End Of An Era: The 'Big Scary Chief Creative'

Every advertising creative who has served on a jury knows it isn’t easy: The list of work to judge is a little too long and deliberations go rounds and rounds in a stuffy room. As one of the jurors for ADC in Bermuda a few months ago, said room overlooked the crystal blue waters of South Hampton, tempting us away from our singular focus. 

It’s a good thing the view inside the room was also lovely. 

I mean the work. Some if it fantastic, some of it not so, but all of it a testament to the blood, sweat, tears, and passion our peers pour out, despite dwindling budgets and procurement-led projects. The work always inspires—to dig in harder and dream bigger. It’s a wonderful reminder that very few people in this world have the privilege of working a job they care so much about. 
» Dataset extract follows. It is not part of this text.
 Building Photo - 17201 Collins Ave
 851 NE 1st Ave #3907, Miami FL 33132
As it happens, there was something even more inspiring than the work inside this room. 

We were a group of 12 digital creatives from around the globe (six women, six men), with vastly different points of view on advertising, life, and nearly everything else. Egos ebbed and flowed. Biases, unconscious and otherwise, influenced deliberation. However, despite our various backgrounds and points of view, our group agreed on one thing, and it reigned supreme: honest, collaborative feedback. 



I suppose it shouldn’t be too surprising because creative work depends on collaboration to survive. But nevertheless, it’s still true that agency creative directors, who also happen to be un-collaborative assholes, sometimes get a pass if the work they produce is great. Hell, even when the work isn’t that great. 
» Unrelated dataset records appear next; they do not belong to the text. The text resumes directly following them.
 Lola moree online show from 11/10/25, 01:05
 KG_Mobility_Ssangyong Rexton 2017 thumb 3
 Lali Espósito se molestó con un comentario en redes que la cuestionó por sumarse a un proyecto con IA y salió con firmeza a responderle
And thus, we excuse poor leadership. We expect those with the titles to cast a shadow of terror. We say that fear-based tactics, misogynistic commentary, and oppressive teams are part of the territory. We don’t see why it needs to change—so it never changes. 

Consider this: Our industry is constantly refreshed by the young people for whom we’ll someday work. And guess what kind of leader these young talents are not interested in following? Yep, you guessed it. Doctrinaire assholes. Excuse us, but they’ll go work for Facebook, thank you very much. 

The age of Big Scary Chief Creative is over. The new leadership is generous and approachable.Does this mean we should lack toughness? Or that “nice” is a way to get things done? No. But what if we saw feedback as a gift, and the opportunity to give feedback as an honor? 

Pushing teams hard when the work demands it is good. Killing a round of concepts just because you felt like it is not. Passion is good; raging, unpredictable lunacy is, exactly that—crazy. 

Working hard and taking on honest feedback does not have to add up to an awful experience. While nice is largely ineffective (if not annoying), respect gives back through the work twofold. Our job isn’t to be assholes, it’s to get the very best out of everyone around us. 

Trash the work, not the person who did the work. Show respect for the talent within, and you lead in a way that makes others want to make great work for you—but most importantly, they want to make great work for themselves. That’s when the magic gets delivered. 

More and more of us are subscribing to this new way of working; I’ve just met 12 creatives who do. And here’s the big surprise: The work is still good. Sometimes, it’s even GREAT

What does it look like when this philosophy shows up in a jury room, with a too-long list of work to judge, and what seems like endless deliberations? I’m here to tell you—it’s breathtaking.